El mismo desaliento se puede experimentar con la evolución de las concentraciones de otros gases efecto invernadero; con el aumento en el número de especies extinguidas o las amenazadas; con el aumento del área deforestada o desertificada. Me animaría decir que prácticamente cualquier variable ambiental relevante que se analice muestra una notable desmejora respecto de la que se tenía en la década de 1970 y obviamente, otro tanto acontecería si analizamos la manera en la que se ha concentrado la riqueza y se ha extendido la pobreza y el hambre en el mundo.
Es entonces que comienzo a preguntarme si no sería mejor que la próxima Conferencia de las Partes de cualquiera de los acuerdos ambientales internacionales fuera la última CoP. Basta de hipocresías, basta de perder tiempo, dinero y esfuerzos. Si algo tengo por seguro, es que ninguna solución surgirá de las amañadas reuniones donde políticos, diplomáticos y tecnoburócratas han desfilado y desfilan -desde la Conferencia de Estocolmo hasta nuestros días- negociando las mil y una maneras de cambiarlo todo para que nada cambie.
Está claro que las elites del poder económico y político han cooptado toda negociación que pueda desembocar en un verdadero cambio de rumbo desde un sistema productivista y consumista, responsable de la crisis ecosocial globalizada; hacia un sistema socioeconómico convivencial y verdaderamente sostenible.
Cuando no haya nadie negociando reducciones de emisiones y simultáneamente la manera de nunca alcanzarlas; cuando ya no haya nadie negociando la conservación de especies amenazadas y amenazando cada día a un mayor número de especies, entonces es posible que se comience a buscar una solución verdadera. Cuando no exista el efecto placebo que proyecta sobre la sociedad la existencia de los falsos acuerdos ambientales internacionales, es posible que la gente reaccione contra las verdaderas causas del deterioro ecosocial. En otras palabras, cuando la gente logre diferenciar -como lo proponía Gorz- entre “su ecología”, que persigue un productivismo que se acomode a los inconvenientes ecológicos y “nuestra ecología”, que plantea la necesidad de un cambio radical económico, social y cultural que suprima los inconvenientes del productivismo y, por ello, instaure una nueva relación de los hombres con la colectividad, con su ambiente y con la naturaleza, recién entonces se podrá abandonar la senda de las esperanzas traicionadas para comenzar a recorrer la transición hacia una manera de vivir diferente que pueda dar respuestas verdaderas a los desafíos ecosociales que hoy amenazan desembocar en colapso civilizatorio.
Nos encontramos en un momento en el que las teorías del productivismo neocapitalista de la mano invisible, del Estado mínimo y del acceso colectivo a la aldea global de la prosperidad y el bienestar han sido refutadas en los hechos.
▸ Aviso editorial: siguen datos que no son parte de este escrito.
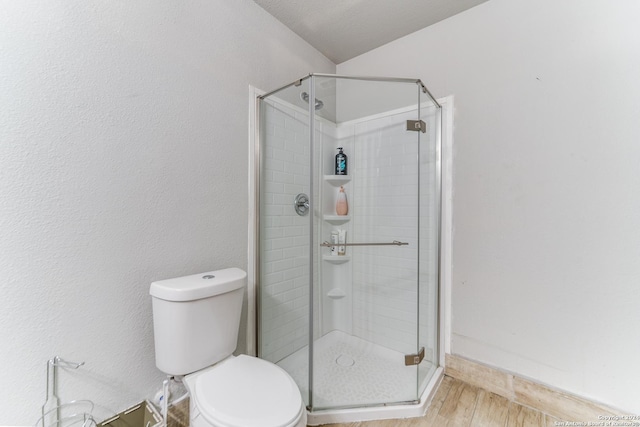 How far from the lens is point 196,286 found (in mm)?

Se ha configurado un escenario en el que se hacen presentes características anticipadas en el escenario estándar de los Límites del Crecimiento (1972) y el Tecno-marrón de Holmgren (2007), que preanuncian la proximidad de un punto crítico en el sistema socioeconómico, lo cual resulta una contundente corroboración de las hipótesis que sostienen el núcleo duro ideológico del ecologismo sobre los límites del crecimiento y el antiproductivismo, creando así las condiciones propicias para el inicio de un verdadero proceso de cambio en el que cada vez, un mayor número de personas, se decida a vivir por afuera del sistema, a hacer de la convivencialidad su manera de vivir; creando zonas libres de productivismo; multiplicando comunidades unidas bajo principios fundamentales como: justicia ecosocial; respeto por la diversidad; no violencia, democracia participativa, sabiduría ecológica y sostenibilidad.
Puede que, de esta manera, la próxima cumbre mundial ya no sea convocada desde el insostenible productivismo, para descomprimir la presión ambiental y seguir con el negocio como de costumbre y en su lugar, sea convocada, desde la razón ecosocial, para desmantelar -definitivamente- la razón productivista.
A primera vista puede parecer imposible, utópico, pero recordemos que, parafraseando a Iván Illich, en el colapso, lo imposible puede hacerse posible y lo utópico, puede revelar su realismo extremo.